■ Data section:
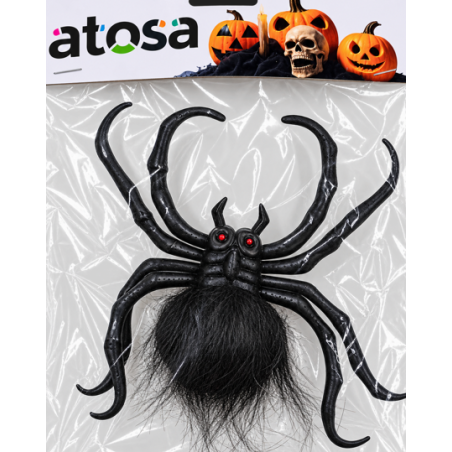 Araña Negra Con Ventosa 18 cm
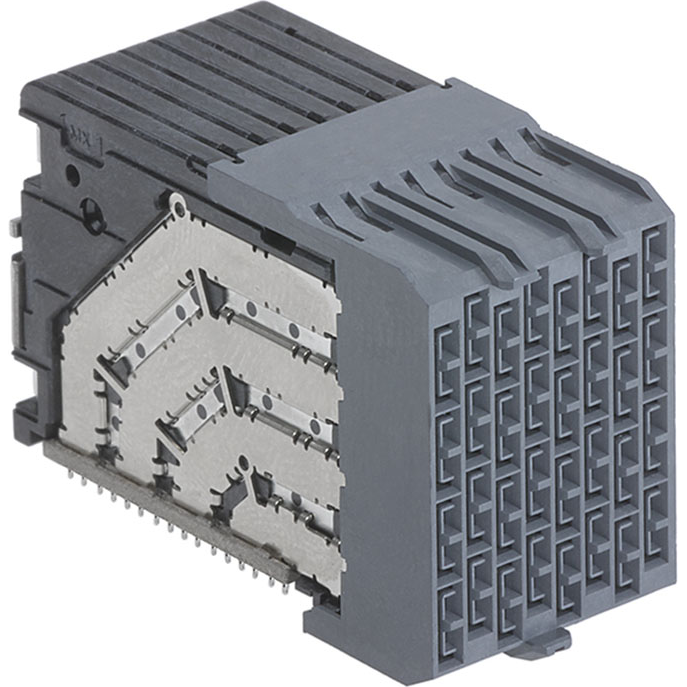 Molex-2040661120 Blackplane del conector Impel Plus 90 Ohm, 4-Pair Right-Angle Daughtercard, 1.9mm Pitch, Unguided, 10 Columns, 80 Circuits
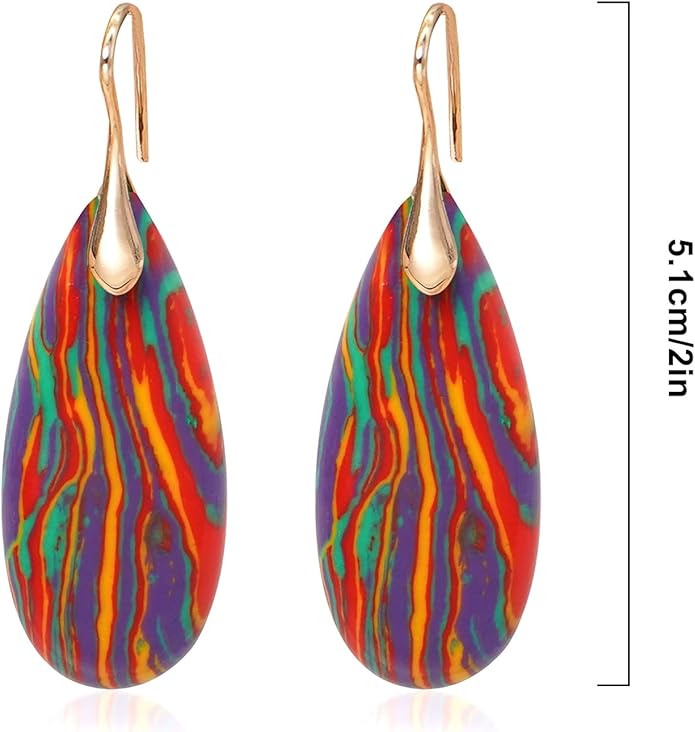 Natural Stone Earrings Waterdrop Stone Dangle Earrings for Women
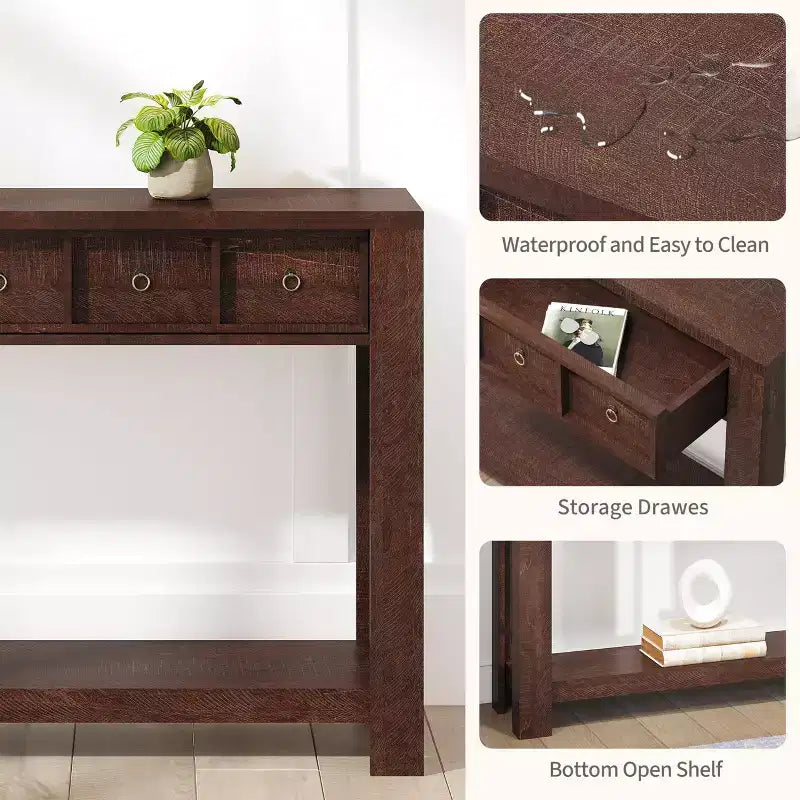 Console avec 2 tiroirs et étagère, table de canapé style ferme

■ Your instructions: Print the complete listing exactly as it stands, without its pictures.

■ Exercise solution:
 Araña Negra Con Ventosa 18 cm
 Molex-2040661120 Blackplane del conector Impel Plus 90 Ohm, 4-Pair Right-Angle Daughtercard, 1.9mm Pitch, Unguided, 10 Columns, 80 Circuits
 Natural Stone Earrings Waterdrop Stone Dangle Earrings for Women
 Console avec 2 tiroirs et étagère, table de canapé style ferme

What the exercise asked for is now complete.